- Bitcoin Policy Institute, Fedi and Cornell’s Brooks School Tech Policy Institute will run a two‑year study of American attitudes on financial privacy.
- The study will use both quantitative surveys and qualitative interviews and will publish four semi‑annual reports starting April 2026.
- Public concern about data use is rising, with a 2023 Pew Research Center survey showing increased worry about government data handling.
- Developers of privacy tools face legal pressure after criminal cases involving non‑custodial services, a trend that has raised fears of liability for code authors.
- Lawmakers are being urged to protect non‑custodial developers, with industry groups seeking “robust, nationwide protections” as the crypto market structure bill moves through debate.
The Bitcoin Policy Institute, wallet provider Fedi and Cornell’s Brooks School Tech Policy Institute announced a joint two‑year study to measure how Americans view financial privacy, what trade‑offs they will accept and how regulation affects behavior. The project will produce four semi‑annual reports, with the first due in April 2026, and aims to supply empirical evidence for policy debates; details of the initiative appear in a Fedi blog post.
The researchers will mix large‑scale surveys and in‑depth interviews to track attitudes and changes over time, and will pay special attention to everyday transactions and institutional trust, according to the project description. BPI posted related materials about the study on social media.
Public concern about data practices is already rising. A 2023 Pew Research Center survey found 71% of U.S. adults were very or somewhat concerned about government use of collected data, and many said they understood little about corporate data handling.
The study comes as governments explore central bank digital currencies and digital identity frameworks, a development tied to broader questions about preserving or reshaping financial privacy in the digital era, noted in a policy review on digital identity and privacy.

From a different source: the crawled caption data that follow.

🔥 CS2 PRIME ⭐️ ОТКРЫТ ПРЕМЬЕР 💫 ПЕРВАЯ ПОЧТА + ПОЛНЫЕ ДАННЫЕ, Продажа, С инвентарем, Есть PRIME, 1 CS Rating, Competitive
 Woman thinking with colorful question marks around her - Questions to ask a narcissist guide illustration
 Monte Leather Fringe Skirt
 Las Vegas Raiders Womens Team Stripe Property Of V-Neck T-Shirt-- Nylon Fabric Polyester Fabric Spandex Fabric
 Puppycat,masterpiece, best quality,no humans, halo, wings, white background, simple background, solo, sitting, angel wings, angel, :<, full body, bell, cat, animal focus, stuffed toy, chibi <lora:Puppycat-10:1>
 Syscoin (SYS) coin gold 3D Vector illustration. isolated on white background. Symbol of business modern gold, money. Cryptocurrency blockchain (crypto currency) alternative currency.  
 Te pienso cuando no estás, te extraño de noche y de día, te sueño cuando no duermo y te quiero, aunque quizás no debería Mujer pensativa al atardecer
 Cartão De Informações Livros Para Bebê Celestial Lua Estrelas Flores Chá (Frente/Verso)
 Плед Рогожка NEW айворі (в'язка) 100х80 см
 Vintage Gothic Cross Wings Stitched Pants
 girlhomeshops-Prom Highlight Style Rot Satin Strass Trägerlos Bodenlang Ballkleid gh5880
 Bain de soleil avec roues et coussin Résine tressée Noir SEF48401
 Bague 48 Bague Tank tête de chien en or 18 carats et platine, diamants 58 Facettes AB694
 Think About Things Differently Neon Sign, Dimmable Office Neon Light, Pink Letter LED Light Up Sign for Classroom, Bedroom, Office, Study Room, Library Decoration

Legal pressure on privacy‑focused crypto developers has increased after criminal cases against non‑custodial services such as Samourai Wallet and Tornado Cash, outcomes that have raised fears developers could face liability for code alone. At the same time, industry groups have urged Congress to include “robust, nationwide protections” for non‑custodial builders in the market structure bill. Variant chief legal officer Jake Chervinsky framed DeFi as his “red line” and warned that, without clear safeguards, a regulator could try to “kill DeFi”. The study aims to inform these regulatory discussions with data.